> [BRIEF]
Give the listing below again exactly, but without any of its pictures.

*** Opening DATA SHOWN ***

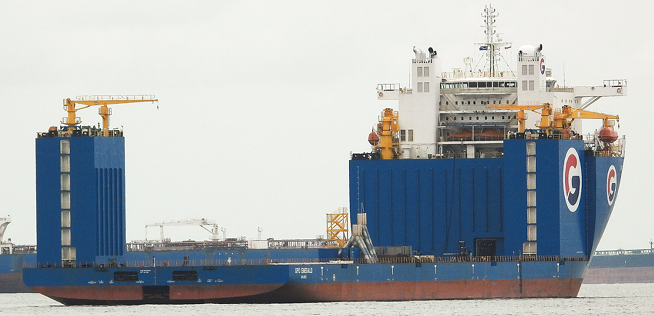 Israel-Hamas war, global port blockades cloud container ship’s Halifax arrival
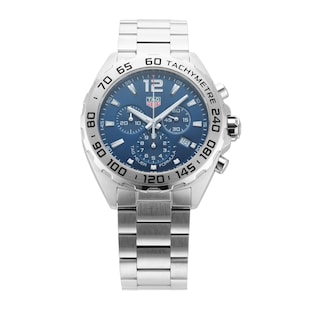 Pre-Owned TAG Heuer Formula 1 Chronograph 43mm Stainless Steel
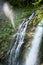 Urlatoare waterfall from Bucegi mountains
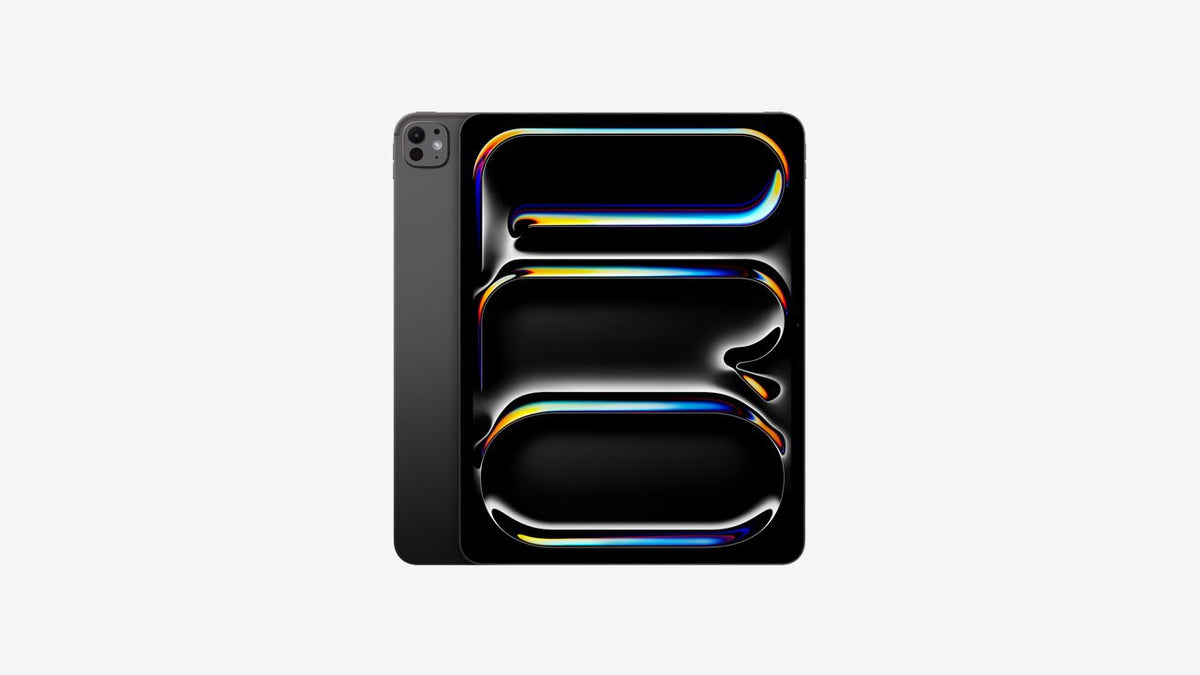 iPad Pro M5 SPACE BLACK - 256GB, wifi, 11"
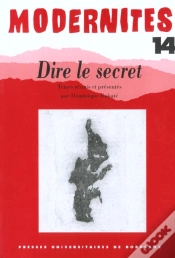 Capa do artigo Dire Le Secret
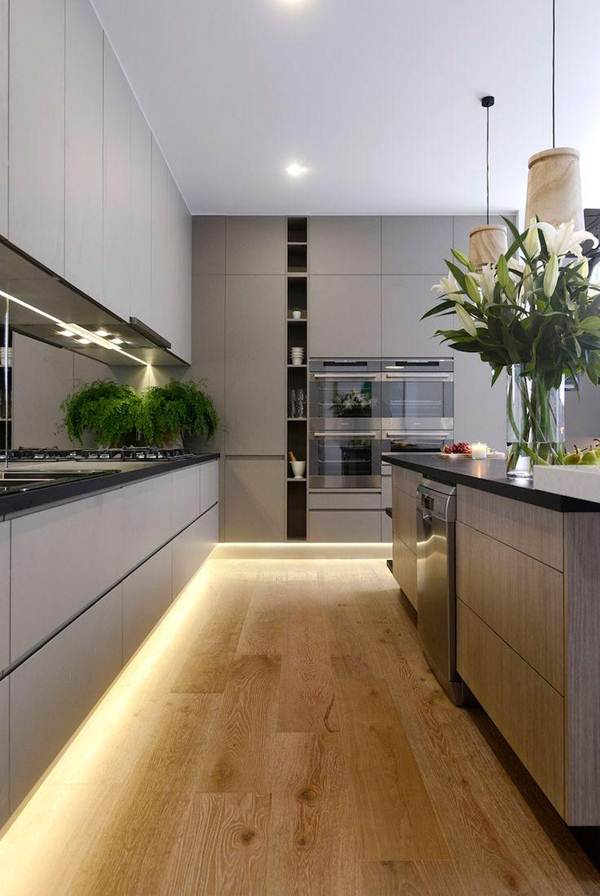 Dimensiones para muebles de cocina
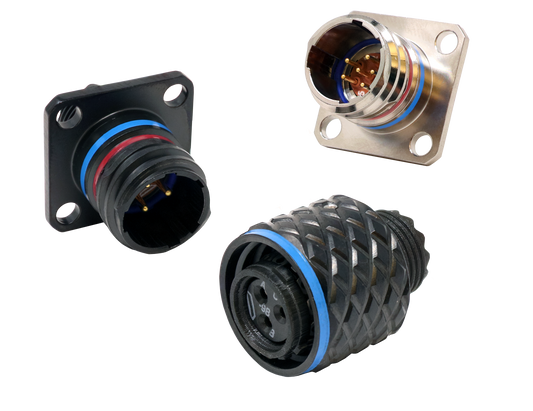 MIL-DTL-38999 basiert / Series five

*** Closing DATA SHOWN ***

> [FINISHED EXERCISE]
 Israel-Hamas war, global port blockades cloud container ship’s Halifax arrival
 Pre-Owned TAG Heuer Formula 1 Chronograph 43mm Stainless Steel
 Urlatoare waterfall from Bucegi mountains
 iPad Pro M5 SPACE BLACK - 256GB, wifi, 11"
 Capa do artigo Dire Le Secret
 Dimensiones para muebles de cocina
 MIL-DTL-38999 basiert / Series five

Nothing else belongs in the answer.